Restate word for word the line containing "A night parrot" and each line that follows it, through the last line below, and nothing else.
(RECORDS TO PROCESS Opens)
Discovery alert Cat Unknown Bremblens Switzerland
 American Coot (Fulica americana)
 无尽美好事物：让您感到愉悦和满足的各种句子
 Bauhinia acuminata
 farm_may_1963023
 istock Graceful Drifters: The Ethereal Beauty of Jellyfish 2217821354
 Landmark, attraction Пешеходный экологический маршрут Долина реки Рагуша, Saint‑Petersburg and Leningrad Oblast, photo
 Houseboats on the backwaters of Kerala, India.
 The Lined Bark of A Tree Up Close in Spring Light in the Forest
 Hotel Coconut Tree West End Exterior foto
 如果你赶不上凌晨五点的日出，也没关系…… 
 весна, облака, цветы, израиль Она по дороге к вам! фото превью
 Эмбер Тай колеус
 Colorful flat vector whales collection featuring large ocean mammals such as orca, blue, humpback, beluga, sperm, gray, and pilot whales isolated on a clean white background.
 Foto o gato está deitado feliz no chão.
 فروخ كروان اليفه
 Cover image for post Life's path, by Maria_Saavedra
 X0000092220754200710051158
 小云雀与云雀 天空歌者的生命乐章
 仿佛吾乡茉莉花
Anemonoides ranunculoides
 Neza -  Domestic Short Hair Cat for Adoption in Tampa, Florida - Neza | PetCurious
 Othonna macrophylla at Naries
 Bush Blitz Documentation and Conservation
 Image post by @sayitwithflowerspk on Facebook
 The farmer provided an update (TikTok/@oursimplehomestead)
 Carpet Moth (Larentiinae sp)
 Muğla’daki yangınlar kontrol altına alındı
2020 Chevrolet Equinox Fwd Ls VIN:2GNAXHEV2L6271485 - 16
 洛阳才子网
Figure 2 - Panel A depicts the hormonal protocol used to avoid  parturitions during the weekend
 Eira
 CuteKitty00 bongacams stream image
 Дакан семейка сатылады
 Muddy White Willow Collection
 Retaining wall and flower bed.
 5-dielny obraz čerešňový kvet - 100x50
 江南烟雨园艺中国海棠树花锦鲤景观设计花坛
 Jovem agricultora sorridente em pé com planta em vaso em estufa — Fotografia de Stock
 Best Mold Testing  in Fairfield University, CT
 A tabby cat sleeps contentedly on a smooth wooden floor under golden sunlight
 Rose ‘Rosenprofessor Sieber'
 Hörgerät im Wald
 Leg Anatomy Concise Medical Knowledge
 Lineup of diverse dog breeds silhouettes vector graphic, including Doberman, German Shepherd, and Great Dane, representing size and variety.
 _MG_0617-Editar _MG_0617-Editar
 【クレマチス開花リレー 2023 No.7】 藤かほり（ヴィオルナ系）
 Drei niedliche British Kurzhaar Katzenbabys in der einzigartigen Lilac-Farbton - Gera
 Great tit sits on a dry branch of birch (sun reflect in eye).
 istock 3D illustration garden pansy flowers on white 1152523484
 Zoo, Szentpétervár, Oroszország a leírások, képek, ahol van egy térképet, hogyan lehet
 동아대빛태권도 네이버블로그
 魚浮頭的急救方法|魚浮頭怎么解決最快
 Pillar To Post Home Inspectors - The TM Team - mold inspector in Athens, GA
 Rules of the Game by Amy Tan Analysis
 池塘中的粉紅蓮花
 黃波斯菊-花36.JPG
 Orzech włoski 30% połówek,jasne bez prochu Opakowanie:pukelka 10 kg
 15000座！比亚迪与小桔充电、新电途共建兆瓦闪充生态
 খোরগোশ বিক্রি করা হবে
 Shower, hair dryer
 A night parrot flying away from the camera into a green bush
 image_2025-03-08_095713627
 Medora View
(RECORDS TO PROCESS Closes)
* [ANSWER]
 A night parrot flying away from the camera into a green bush
 image_2025-03-08_095713627
 Medora View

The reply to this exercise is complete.